Casi todas las niñas de la aldea trabajábamos en el campo. Los niños, sin embargo, se iban temprano a una escuela que había en el pueblo vecino. Yo no sabía lo que era una escuela, solo que ellos se iban y volvían casi al mismo tiempo que nosotras acabábamos las tareas del cultivo,  por lo que pensé que debía de tratarse de otro trabajo. Permanecí en mi engaño hasta que le pregunté a un niño por qué su ropa estaba seca. Nosotras siempre andábamos con los vestidos húmedos. La escuela era algo tan inalcanzable que ni siquiera soñé con ella hasta que no parí a mi primera hija. Tenía 14 años.

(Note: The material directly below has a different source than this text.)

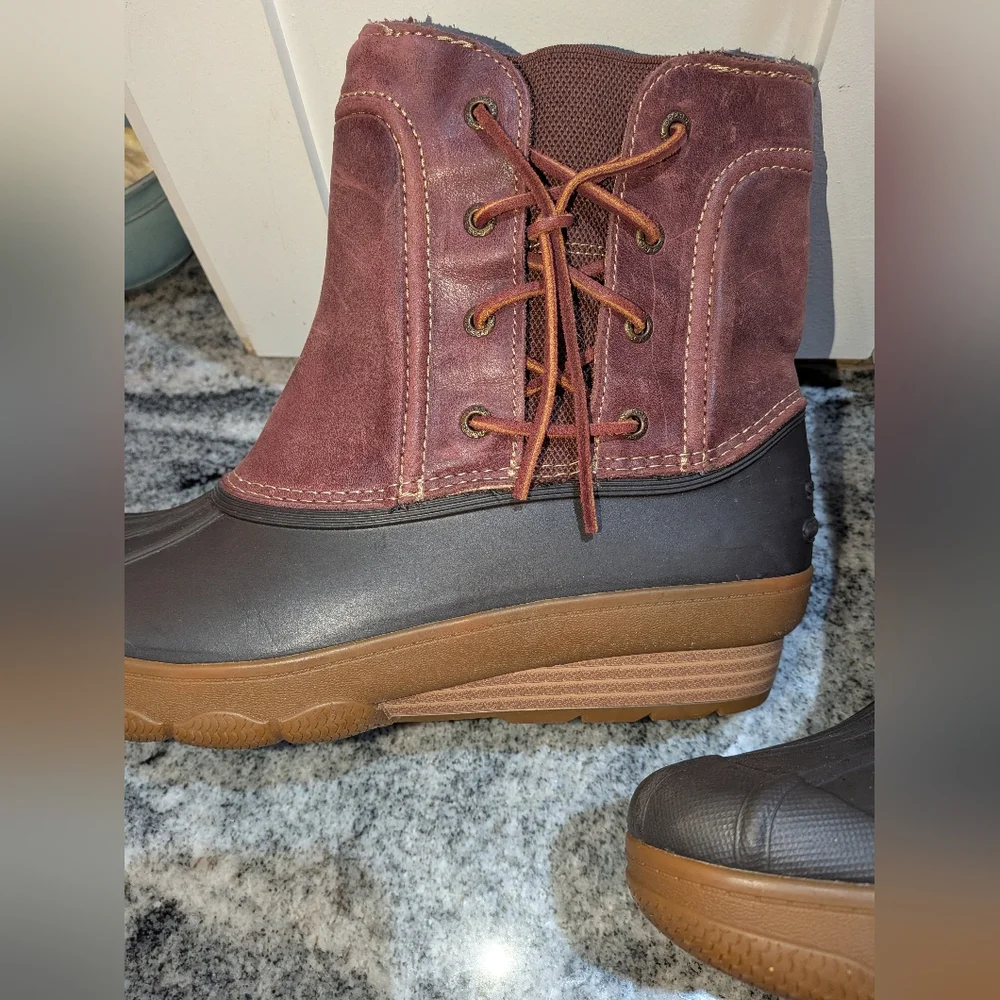 Sperry stylish brown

Nunca distinguí entre vida y trabajo. Cuando me casé dejé de atender la tierra de mis padres para cultivar la de mis suegros. Como nunca me han pagado por lo que hago, veo mi quehacer como la rueda con la que anda el carro donde va toda la familia. Al igual que el sol sale todas las mañanas, mi trabajo comienza cada día al alba y, enredado en mil rutinas, prosigue hasta el ocaso. Con frecuencia es un trabajo pasado por agua, regalo sagrado de las lluvias monzónicas.

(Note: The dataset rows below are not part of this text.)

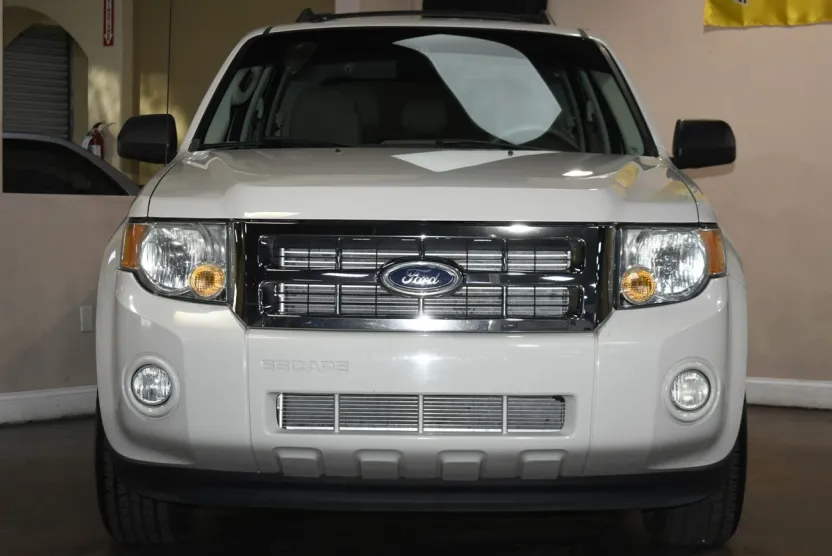 2011 Ford Escape XLT photo 1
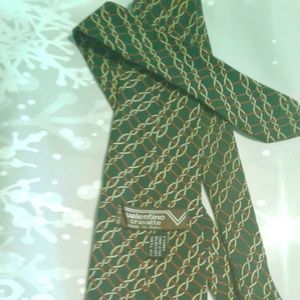 Gorgeous rich colors of hunter green, paprika and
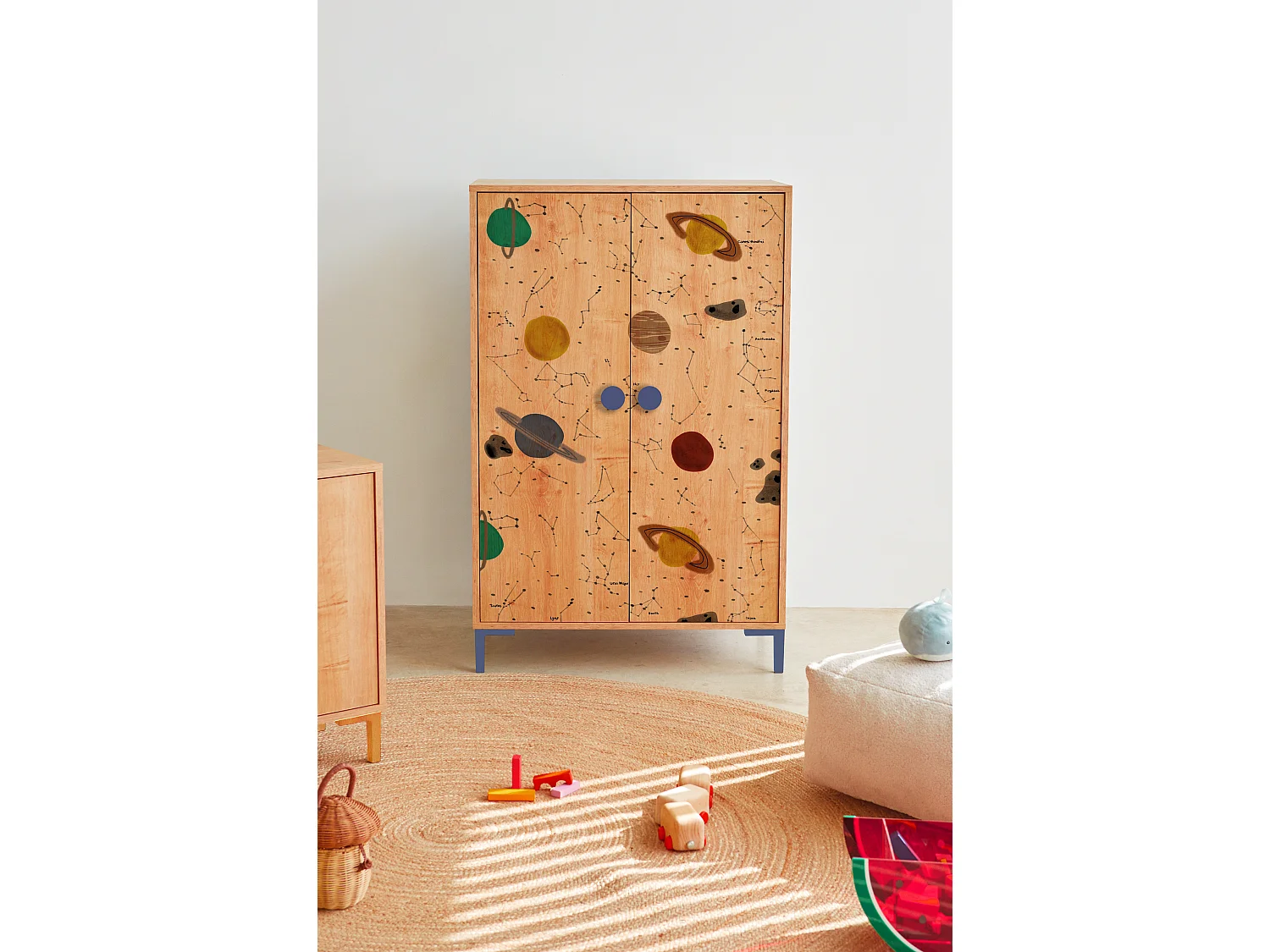 2-deurs kast in eikenkleur met ruimteprint.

En mi aldea somos principalmente las mujeres las que trabajamos el campo. Siento que la tierra me espera para que la germine con el mismo afán con que mis hijos buscaban mis pechos para alimentarse. Cuando los granos de arroz están cebados y el verde intenso con que han crecido comienza a dorarse, contemplo orgullosa el fruto de mi dedicación y mi esfuerzo. Plantar, cuidar, cosechar y volver a plantar, ese es el ciclo interminable que nutre mi vida y requiere toda mi atención.

Las mujeres nos ocupamos también de los hijos. Sobre nuestras fuertes espaldas recae el grueso del trabajo diario. Nadie espera que sea de otro modo, pero en los últimos años se ha abierto una puerta en la pesada tradición que nos condenaba a trabajar sin límite y sin conocimiento alguno.  Mi hija ya sabe lo que es una escuela. Conoce las letras y los números aunque solo fue dos años. Tuvo que ayudarme después de que sus dos hermanas murieran al estallarles la bomba de racimo que desenterraban. La habían lanzado los aviones que aterrizaron mi infancia. Mi nieta aún es pequeña, pero cuando crezca asistirá a la escuela todos los años necesarios. Yo solo sé trabajar el campo, ella tendrá que aprender otras cosas.